Sonia Bergerac est professeur de Lettres dans un collège difficile, un établissement pudiquement classé zone sensible par l’administration de l’Education Nationale. Elle tente d’y enseigner le français et accessoirement la littérature à des élèves pour lesquels la violence verbale et physique est devenue une norme, le seul mode d’expression possible. Des élèves sans repères, pétris de haine, de rancoeurs, de frustrations, de douleurs tues, et que le système éducatif se révèle bien incapable de maîtriser. Des voyous en puissance pour beaucoup. Pourtant, Sonia Bergerac s’efforce malgré tout de leur transmettre ce savoir qui pourrait les émanciper, cette culture qu’elle a elle-même conquise et qui les sauverait sans doute d’un naufrage que d’aucuns pensent inéluctable.
Mais un jour, alors que l’agitation est à son comble, un revolver tombe du sac d’un petit caïd de la classe. Contre toute attente, la prof s’en saisit et prend sa classe en otage, braquant ces petites pestes qui lui en ont tant fait voir.

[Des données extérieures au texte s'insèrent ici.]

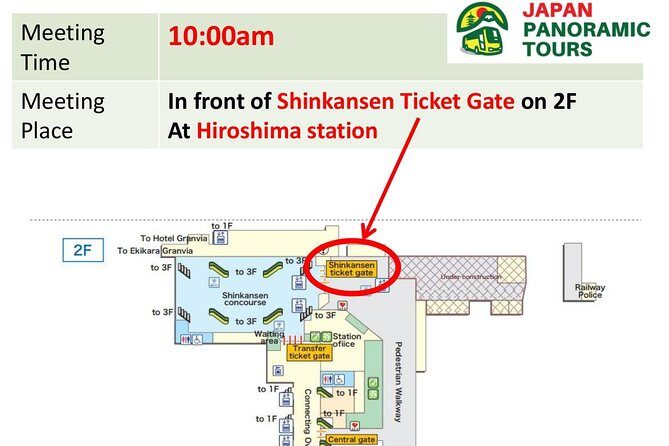 Peaceful Hiroshima & Miyajima UNESCO 1 Day Bus Tour - The JR Nishinihon Ferry: The Bridge From Remembrance to Island Views
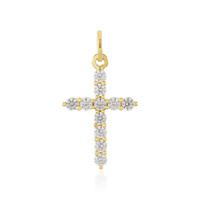 Ciondolo in argento con Zircone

Commence alors dans le sous-sol du collège un huis clos oppressant durant lequel la tension ira crescendo, jusqu’au dénouement paroxystique.
Autant le dire tout de suite, la Journée de la jupe est un film très réussi, à la fois intelligent, courageux et audacieux dans son propos. Construit comme une vraie tragédie qui respecte les unités de temps et de lieu, l’œuvre montre l’opposition radicale de deux générations, de deux visions du monde, de deux conceptions de la vie sociale. D’un côté, la prof avec ses idéaux républicains, sa croyance aux pouvoirs salvateurs du savoir ; de l’autre, des jeunes gavés d’extrémismes en tous genres et dominés par la bêtise crasse qui est la leur. Entre la prof et ses élèves la confrontation ne pourra donc qu’être terrible et tourner au règlement de comptes.

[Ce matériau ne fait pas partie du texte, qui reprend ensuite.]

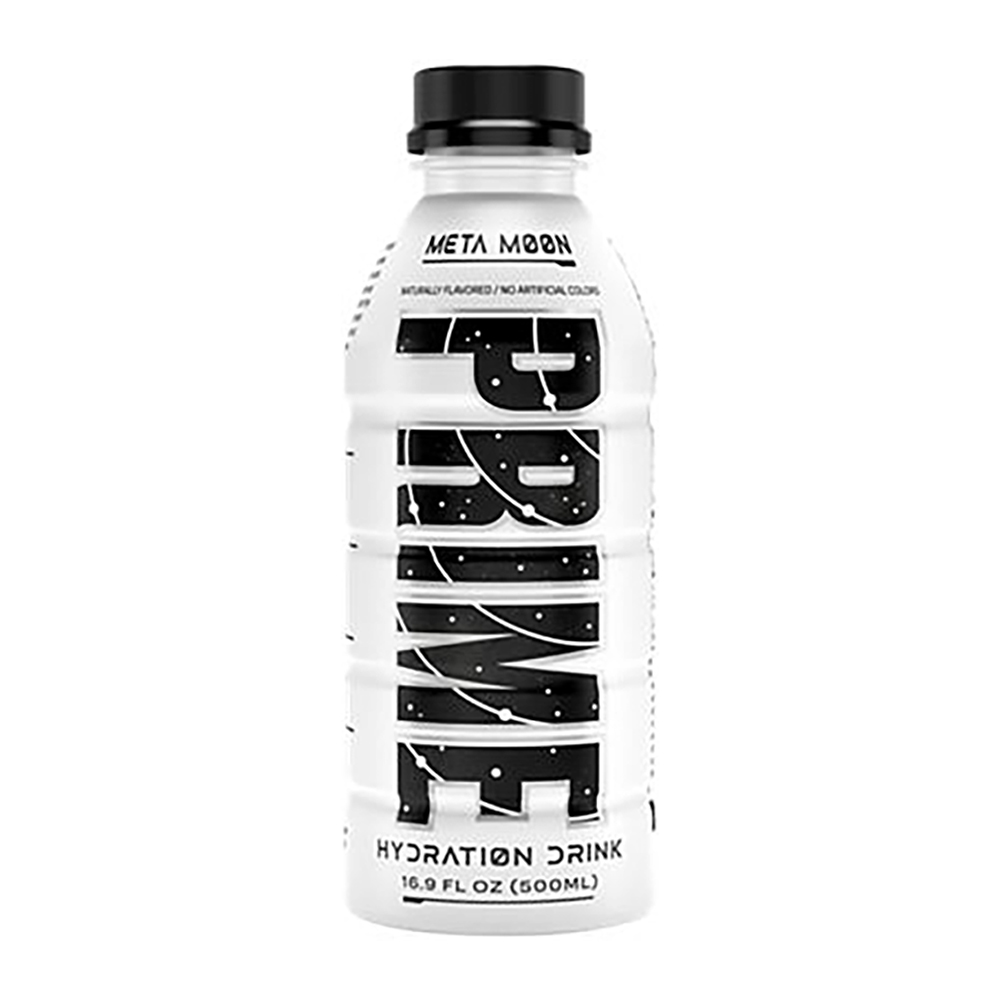 Prime Hydration with BCAA Blend for Muscle Recovery Limited Edition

Sans tabous ni retenue, le film soulève de vrais sujets de société comme la place des filles dans les banlieues, la fonction de l’école dans ces zones urbaines défavorisées, la question des origines ou encore de la construction de l’identité. Il met également en scène des personnages qui touchent parce qu’ils n’ont rien de manichéen, des êtres ambivalents, courageux et lâches, sincères et fourbes, manipulateurs et manipulés.
Avec la Journée de la Jupe, Jean-Paul Lilienfeld signe donc une œuvre dérangeante, coup de poing, qui ne se veut jamais moralisatrice ; une œuvre qui pose davantage de questions qu’elle ne propose de réponses, qui interpelle et qui perturbe, qui sidère et met mal à l’aise, ce que peu de longs métrages osent faire aujourd’hui.
Enfin, ce réalisateur talentueux, qui se révèle capable de mettre en scène avec une efficacité redoutable, permet surtout à Isabelle Adjani de faire un retour remarquable, lequel retour démontre à ceux qui pourraient l’avoir oublié combien elle est une grande actrice quand elle sert un scénario digne de son talent.